Buck was not a scientist, but he knew enough to shake his head at that simple statement. Rosenzweig’s formula was fast making Israel the richest nation on earth, far more profitable than its oil-laden neighbors. Every inch of ground blossomed with flowers and grains, including produce never before conceivable in Israel. The Holy Land became an export capital, the envy of the world, with virtually zero unemployment. Everyone prospered.

The prosperity brought about by the miracle formula changed the course of history for Israel. Flush with cash and resources, Israel made peace with her neighbors. Free trade and liberal passage allowed all who loved the nation to have access to it. What they did not have access to, however, was the formula.

Buck had not even asked the old man to reveal the formula or the complicated security process that protected it from any potential enemy. The very fact that Buck was housed by the military evidenced the importance of security. Maintaining that secret ensured the power and independence of the state of Israel. Never had Israel enjoyed such tranquility. The walled city of Jerusalem was only a symbol now, welcoming everyone who embraced peace. The old guard believed God had rewarded them and compensated them for centuries of persecution.

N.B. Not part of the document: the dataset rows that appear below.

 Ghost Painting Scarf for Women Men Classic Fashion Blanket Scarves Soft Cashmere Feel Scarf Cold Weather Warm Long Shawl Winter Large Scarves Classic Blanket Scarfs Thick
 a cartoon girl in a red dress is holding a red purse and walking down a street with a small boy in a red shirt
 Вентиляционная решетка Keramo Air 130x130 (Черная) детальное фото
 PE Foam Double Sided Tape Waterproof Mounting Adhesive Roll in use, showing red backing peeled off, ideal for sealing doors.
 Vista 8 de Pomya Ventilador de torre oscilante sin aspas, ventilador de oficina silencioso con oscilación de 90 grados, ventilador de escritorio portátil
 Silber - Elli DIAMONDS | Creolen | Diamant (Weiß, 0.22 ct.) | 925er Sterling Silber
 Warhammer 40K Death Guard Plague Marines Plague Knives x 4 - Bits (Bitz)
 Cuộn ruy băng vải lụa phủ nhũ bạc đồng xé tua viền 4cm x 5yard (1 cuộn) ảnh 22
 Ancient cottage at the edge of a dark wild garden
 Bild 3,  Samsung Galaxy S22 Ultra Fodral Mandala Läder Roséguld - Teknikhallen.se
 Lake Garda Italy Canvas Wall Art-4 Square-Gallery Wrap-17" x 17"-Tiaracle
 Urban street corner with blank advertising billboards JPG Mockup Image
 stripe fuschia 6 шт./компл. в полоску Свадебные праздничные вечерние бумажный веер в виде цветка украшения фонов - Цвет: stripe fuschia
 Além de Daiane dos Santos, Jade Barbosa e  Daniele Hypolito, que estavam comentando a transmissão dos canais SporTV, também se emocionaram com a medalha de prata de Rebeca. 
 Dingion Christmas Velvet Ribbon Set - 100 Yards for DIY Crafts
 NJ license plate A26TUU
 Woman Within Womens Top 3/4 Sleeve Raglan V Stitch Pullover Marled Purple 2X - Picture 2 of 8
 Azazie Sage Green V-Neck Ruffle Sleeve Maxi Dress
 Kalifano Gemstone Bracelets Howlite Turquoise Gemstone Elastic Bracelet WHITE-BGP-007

Chaim Rosenzweig was honored throughout the world and revered in his own country. Global leaders sought him out, and he was protected by security systems as complex as those that protected heads of state. As heady as Israel became with newfound glory, the nation’s leaders were not stupid. A kidnapped and tortured Rosenzweig could be forced to reveal a secret that would similarly revolutionize any nation in the world.

Imagine what the formula might do if modified to work on the vast tundra of Russia! Could regions bloom, though snow covered most of the year? Was this the key to resurrecting that massive nation following the shattering of the Union of Soviet Socialist Republics?

Russia had become a great brooding giant with a devastated economy and regressed technology. All the nation had was military might, every spare mark going into weaponry. And the switch from rubles to marks had not been a smooth transition for the struggling nation. Streamlining world finance to three major currencies had taken years, but once the change was made, most were happy with it. All of Europe and Russia dealt exclusively in marks. Asia, Africa, and the Middle East traded in yen. North and South America and Australia dealt in dollars. A move was afoot to go to one global currency, but those nations that had reluctantly switched once were loath to do it again.

Frustrated at their inability to profit from Israel’s fortune and determined to dominate and occupy the Holy Land, the Russians had launched an attack against Israel in the middle of the night. The assault became known as the Russian Pearl Harbor, and because of his interview with Rosenzweig, Buck Williams was in Haifa when it happened. The Russians sent intercontinental ballistic missiles and nuclear-equipped
MIG
fighter-bombers into the region. The number of aircraft and warheads made it clear their mission was annihilation.

To say the Israelis were caught off guard, Cameron Williams had written, was like saying the Great Wall of China was long. When Israeli radar picked up the Russian planes, they were nearly overhead. Israel’s frantic plea for support from her immediate neighbors and the United States was simultaneous with her demand to know the intentions of the invaders of her airspace. By the time Israel and her allies could have mounted anything close to a defense, it was obvious the Russians would have her outnumbered a hundred to one.